Abstract

This paper draws from phenomenological research exploring the nature of relationships in education, collaborative research exploring alternative pedagogies in educational leadership programmes and postgraduate students’ experiences of leadership. These inquiries have been brought together with the aim of outlining two pedagogical approaches which evoke an appreciation of, and contemplative stance towards, the relational sensibilities within the lived experiences of practising, emergent and aspiring educational leaders. Relational sensitivity and sensibilities are essential to how leaders show what matters in their immediate context. Relational sensibilities appear to have an enduring and ontological presence within experiences of leadership. Examples include a leader’s attunement, nous, tact and improvisation. In addition, sensibilities include how leaders remain resolute having made a moral judgement. Two pedagogical approaches that deepen leader’s relational sensibilities are outlined. One includes the interpretive and hermeneutic use of experiential stories in inquiries of leadership as a phenomenon.
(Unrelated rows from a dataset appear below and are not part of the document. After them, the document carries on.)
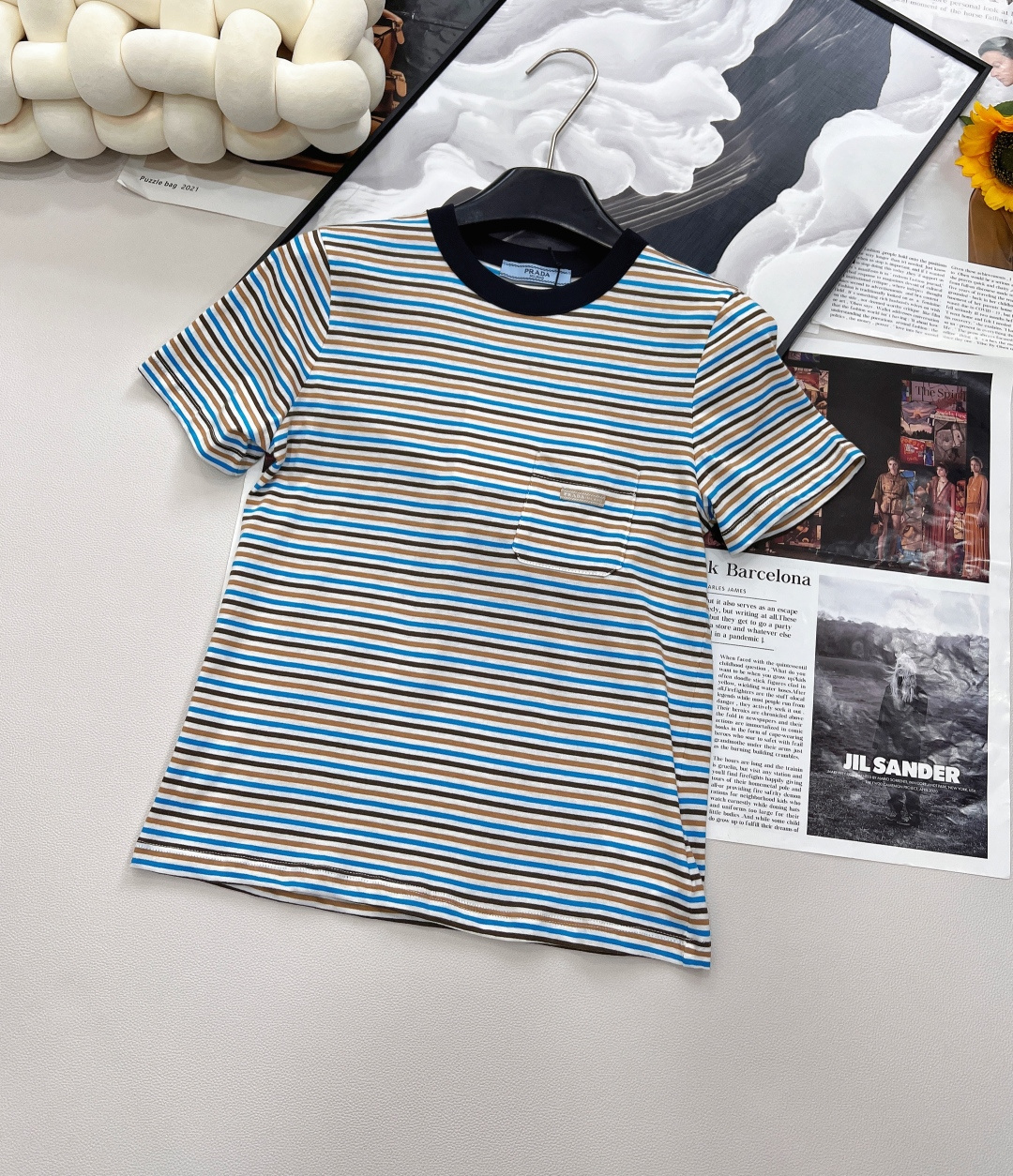 NO:416404,PRADA25Ss spring and summer new contrasting striped pocket micro-label decorative short-sleeved T-shirt, exclusive yb development, high-end production, precision plain cotton fabric, breathable, comfortable, simple and comfortable. Contrasting stripes crisscross, breaking the monotony, and seem to tell the rebelliousness and uninhibitedness of fashion; the iconic embroidery logo on the chest is the condensation of the brand's soul, showing the luxury aura in low-key. The pocket design adds practicality and playfulness, and every detail shows a unique taste. It also gives the infinite possibilities of multiple stacking, or just wear it alone to interpret pure simplicity, or superimposed with jackets and accessories to create a personal spark, unlocking all kinds of shapes. Two colors are complete with three standards. Size sml code, prada, jackets & coats, T-shirt,tees, t-shirt, alexander wang19860909PRADA25Ss春夏新款撞色条纹口袋微标装饰短袖T恤,独家yb开发,高版出品,精密平纹棉质面料,透气又舒适,简约舒适.撞色条纹纵横交错,打破单调,似在诉说着时尚的叛逆与不羁；胸口标志性刺绣徽标,是品牌灵魂的凝聚,低调间尽显奢华气场.口袋设计,增添实用性与俏皮感,每一处细节都在彰显独特品味.更赋予多件叠搭的无限可能,或单穿演绎纯粹简约,或与外套、配饰叠加碰撞出个性火花,解锁百变造型.两色出三标齐全 尺码sml 编码,,prada,jackets & coats,T-shirt,tees，t-shirt,alexander wang,Women's clothing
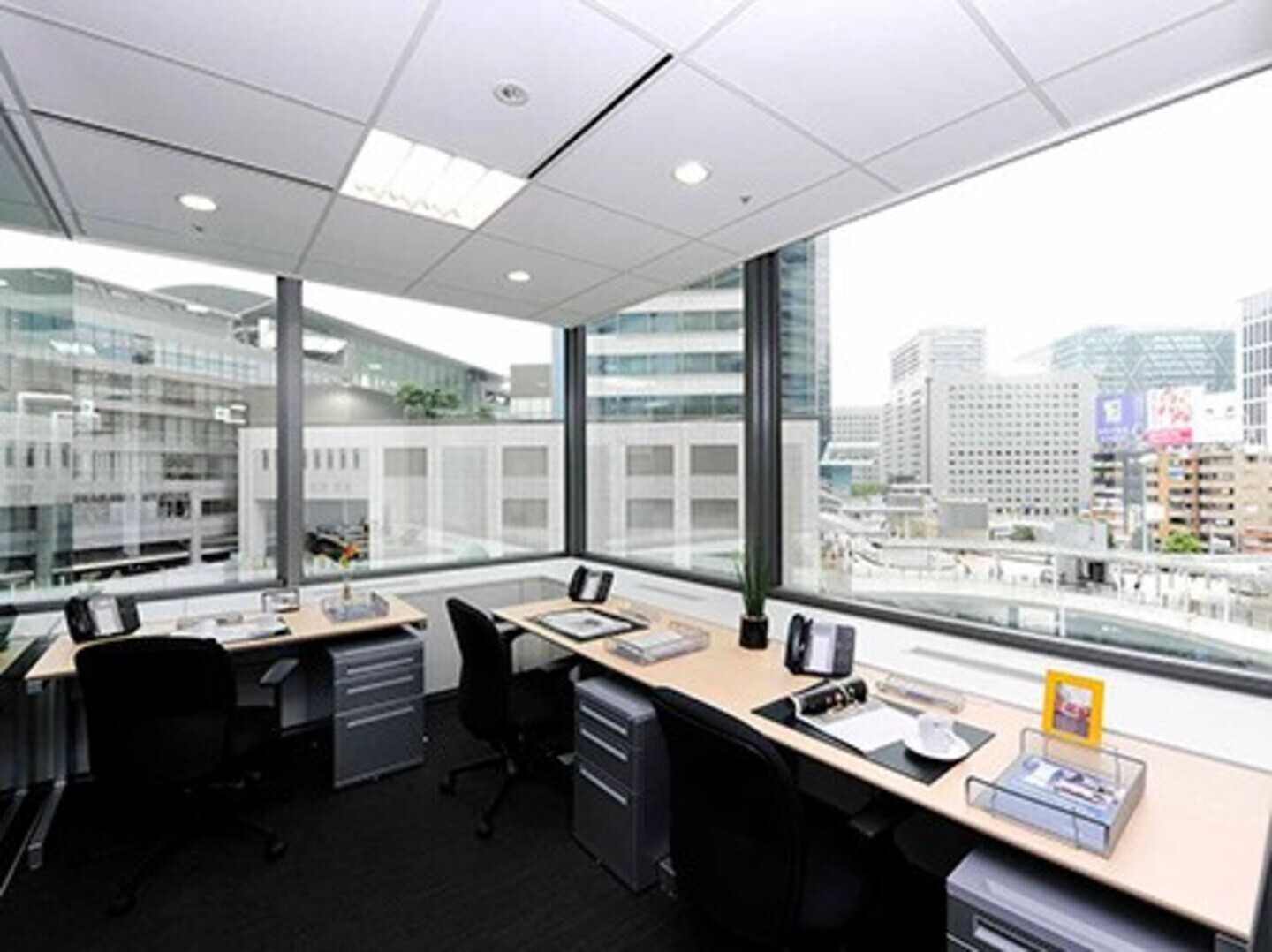 Rent office Shinagawa East One — photo 7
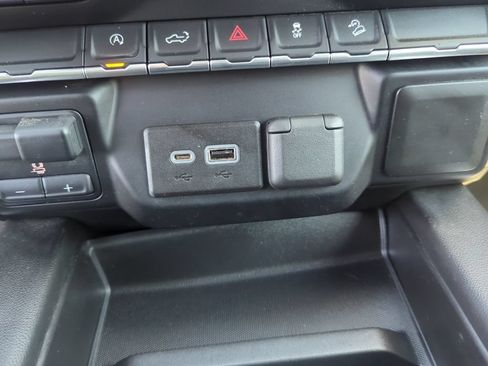 Certified 2022 Chevrolet Silverado 1500 RST AWD/4WD image 28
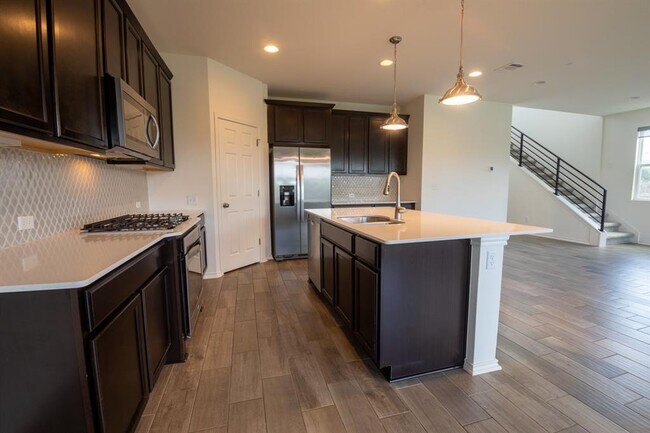 Building Photo - 13500 Feldspar Dr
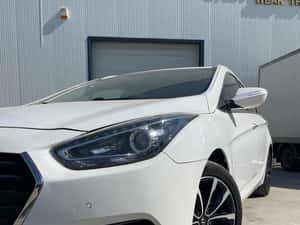 Hyundai i40 1.7 CRDi CW 7DCT ISG Supreme PackPlus — miniatura 6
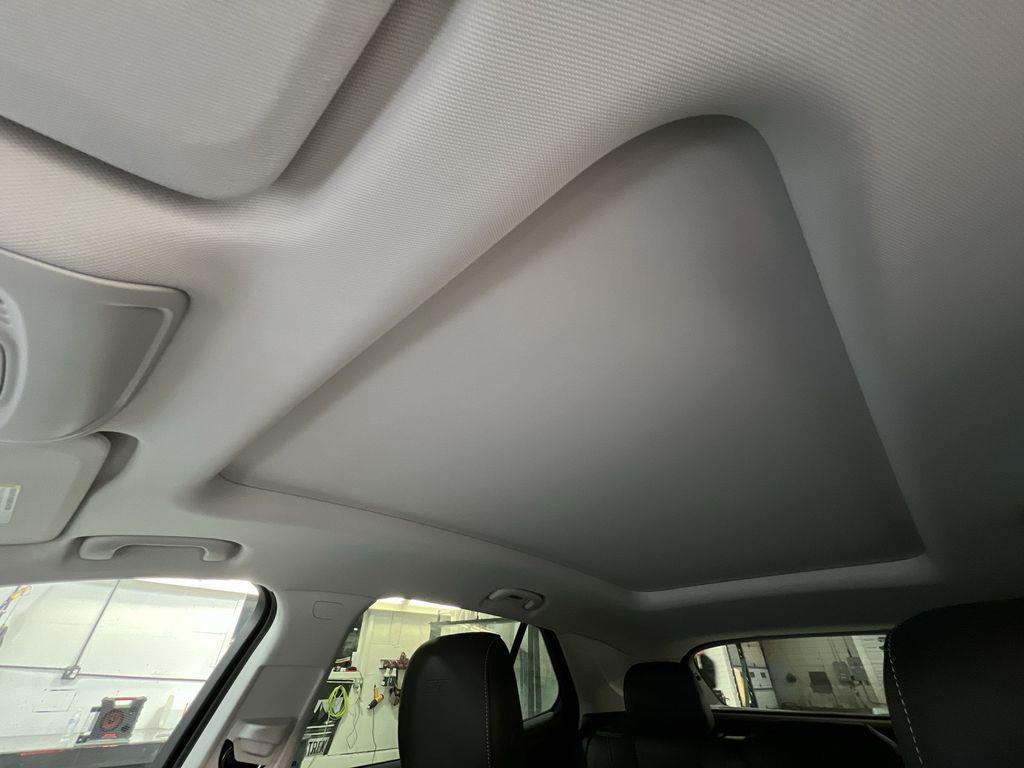 new 2025 Buick Envision car, priced at $39,919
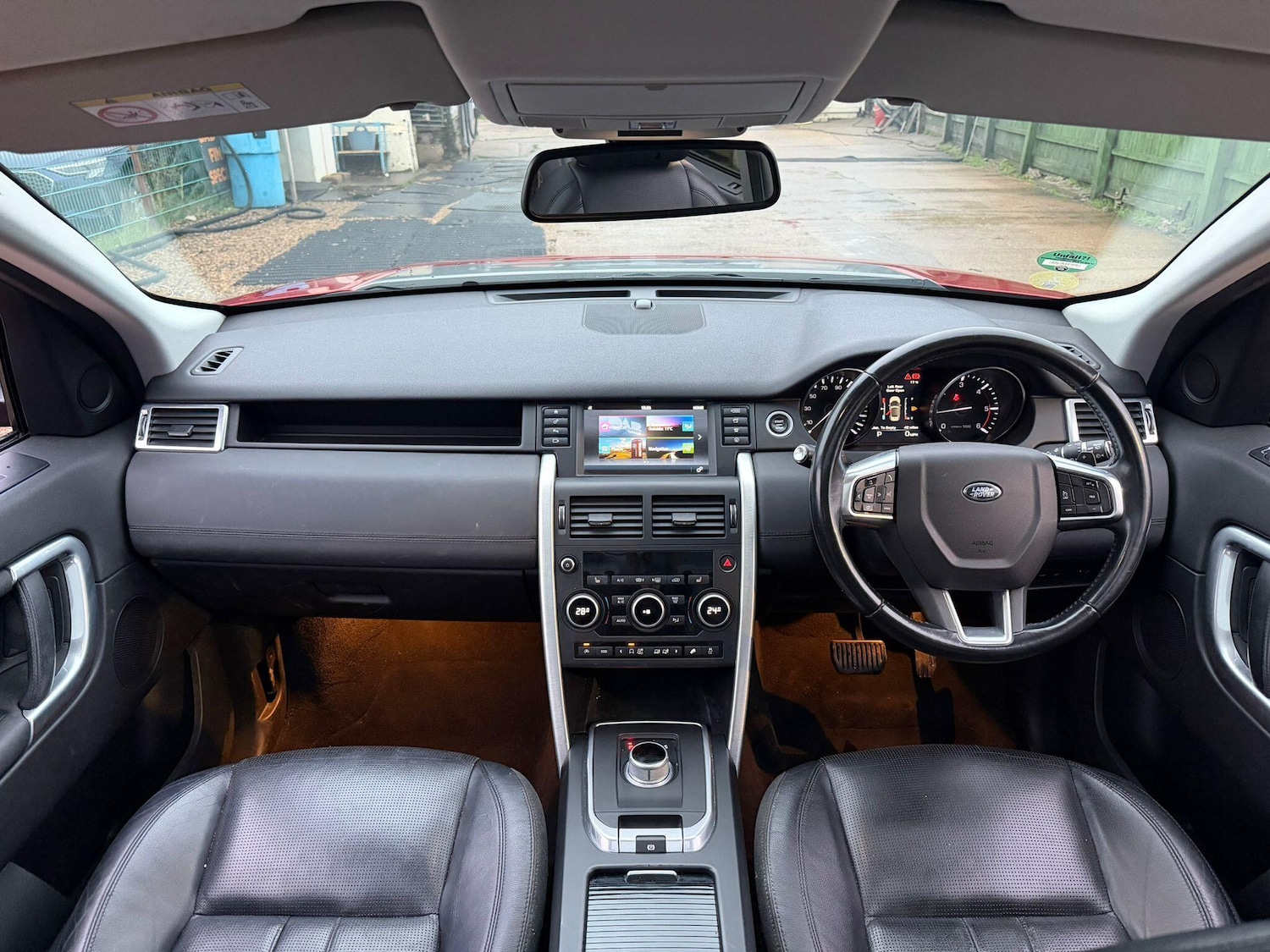 Used Land Rover Discovery Sport 2016 for sale - 76771868: Photo 15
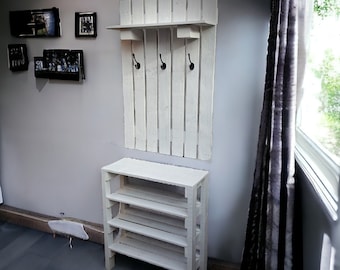 Reclaimed Pallet Coat Rack with Shoe Storage: Shabby Chic Hallway Hanger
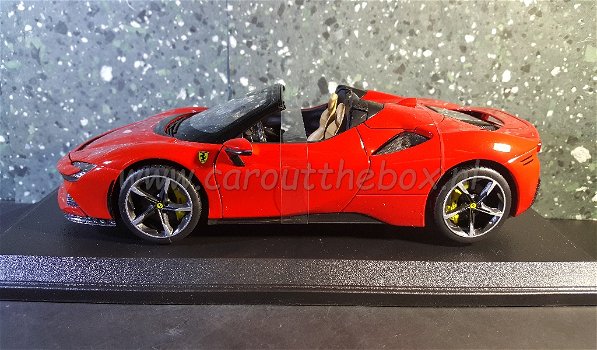 Ferrari SF90 Spyder rood 1:18 Bburago - 0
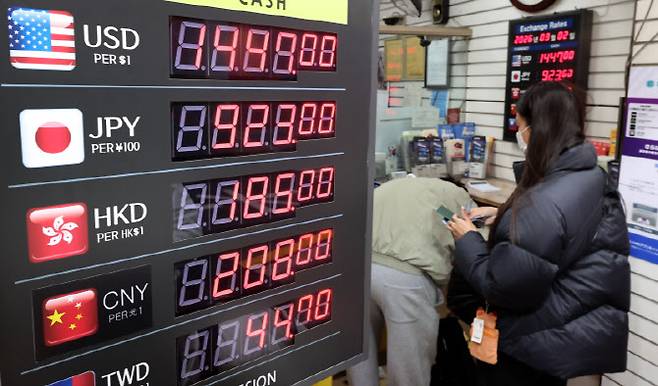 [이데일리 방인권 기자] 서울 명동 환전거래소를 찾은 외국인들이 환전을 하고 있다.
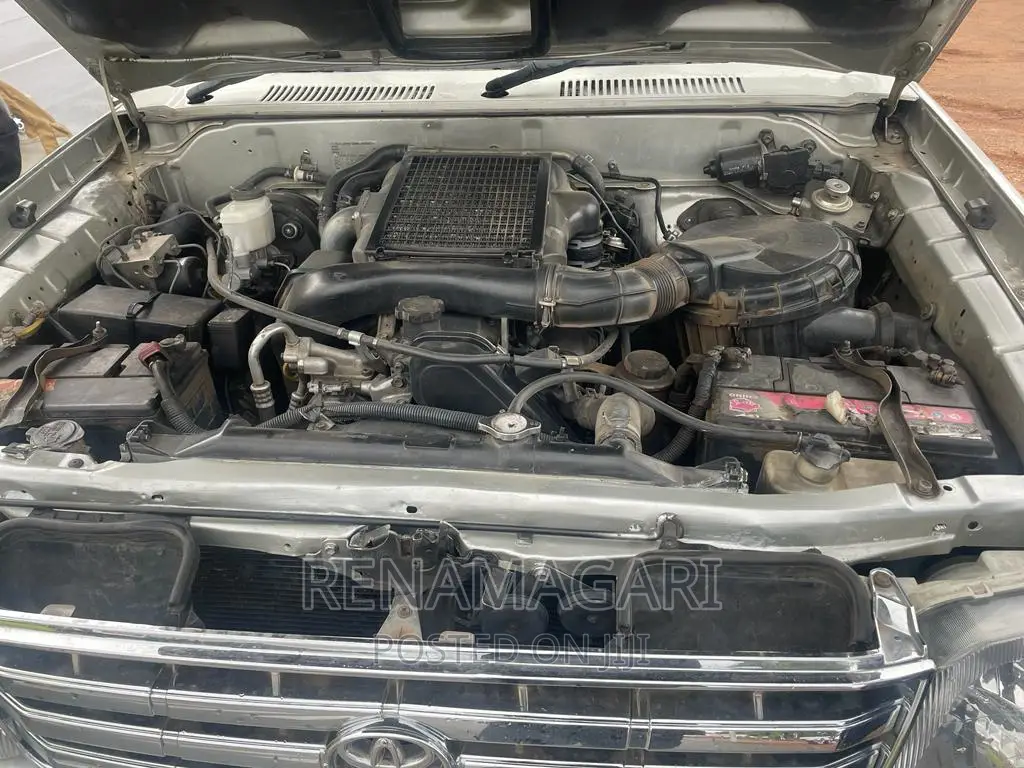 Toyota Land Cruiser Prado 1998 Silver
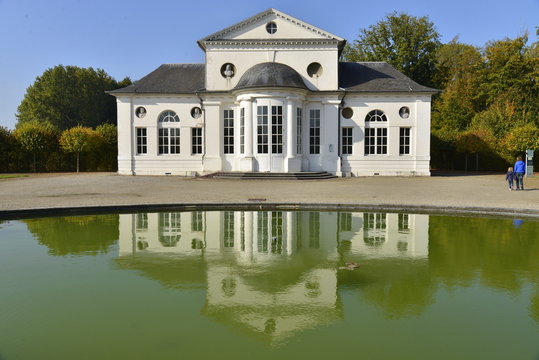 Le th&eacute;&acirc;tre du ch&acirc;teau de Seneffe en Hainaut devant sa pi&egrave;ce d'eau ovale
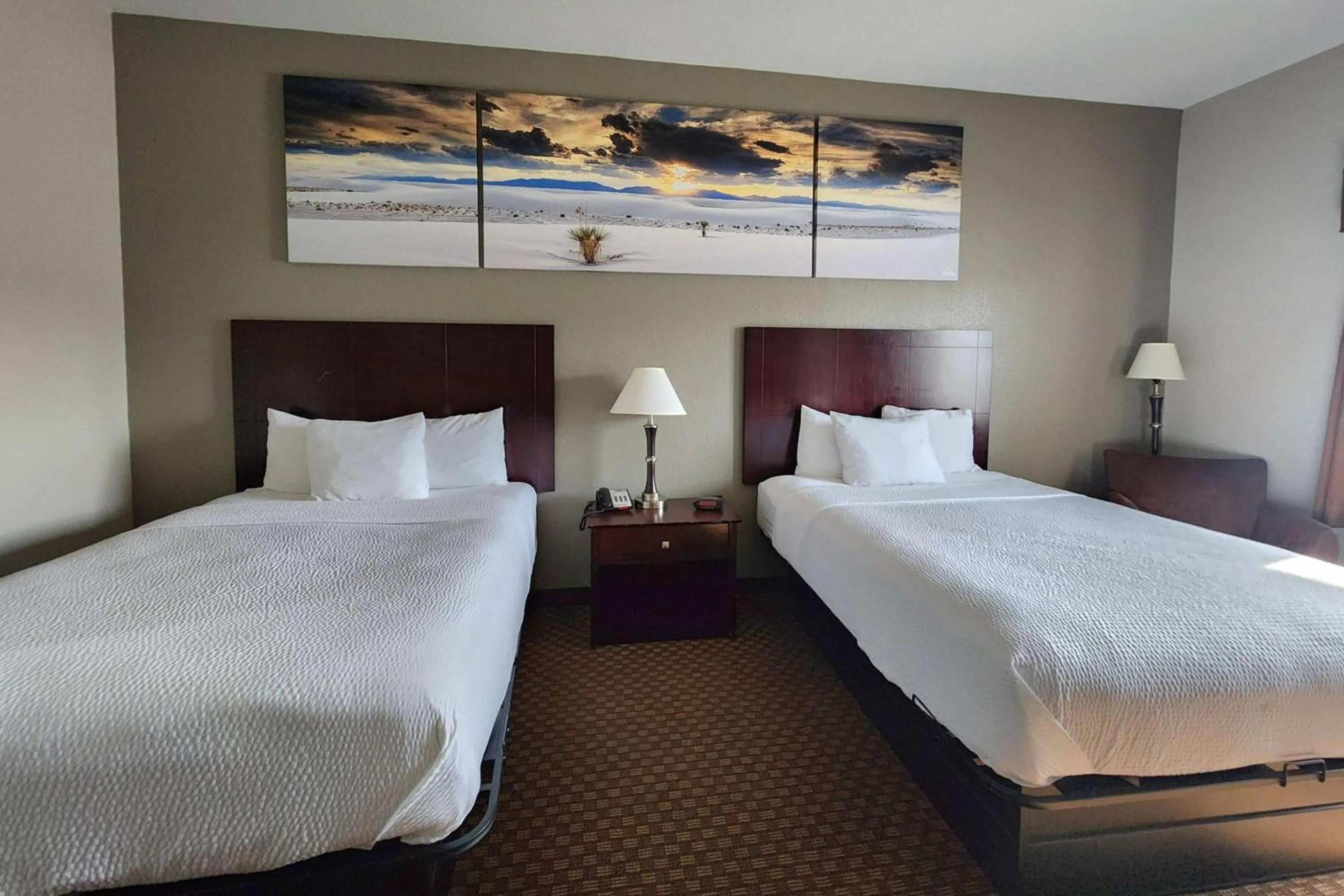 Photo of the whole room, Bed in Days Inn by Wyndham Kemah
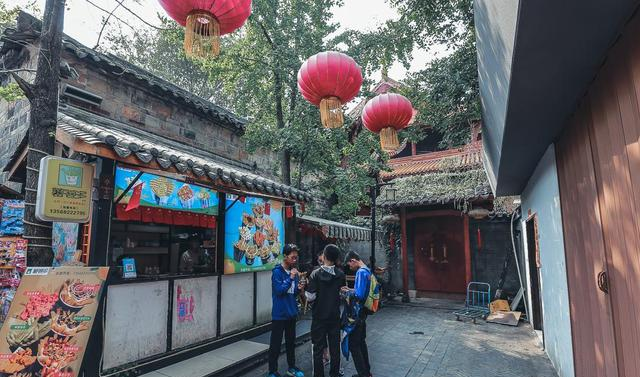 四川最“洋气”城市，红灯酒绿连接石板木门，原来庙宇还能这么玩休闲区蓝鸢梦想 - Www.slyday.coM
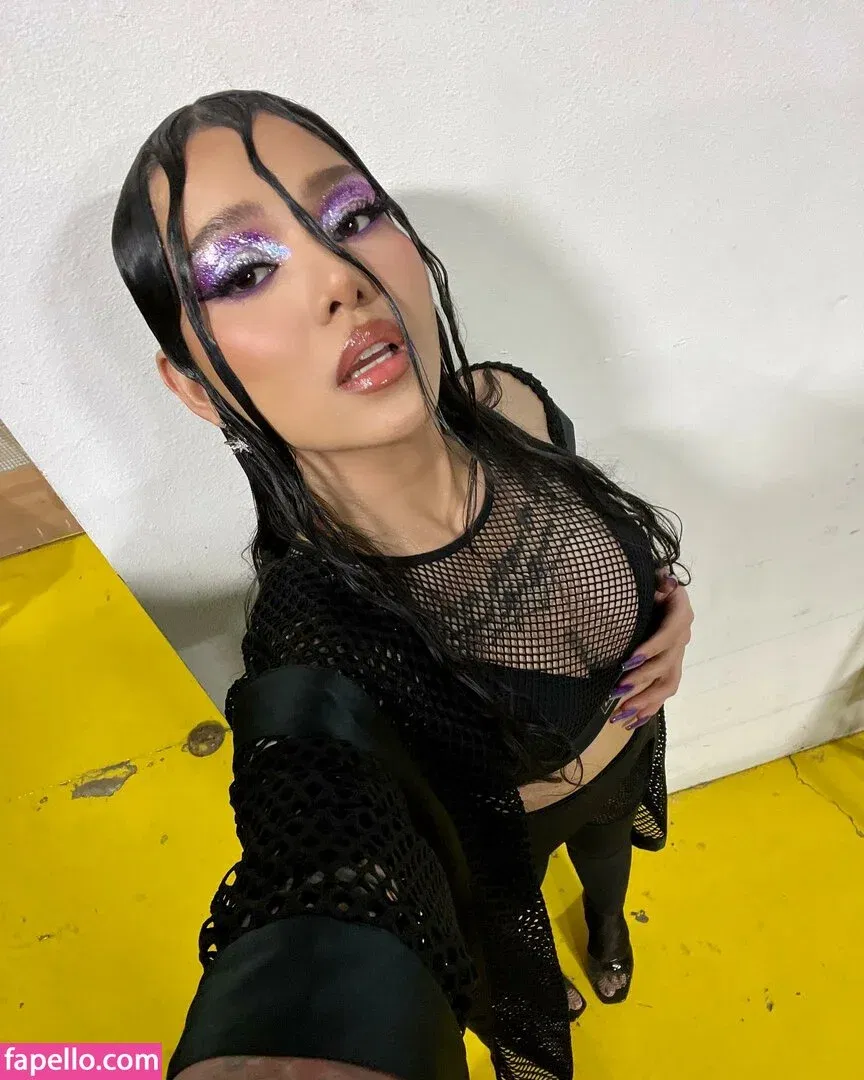 Bella Poarch Onlyfans Photo Gallery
A second pedagogical approach, an appreciative appraisal, involves the application of Appreciative Inquiry to the life-centric nature of an individual’s professional practice. It is critically important that leadership courses engage leaders in pedagogical approaches that engender a deepening appreciation of relational sensibilities in their everyday lives. This concern underpins the need for those in leadership to revisit their everyday humanity as this leads to action sensitive praxis.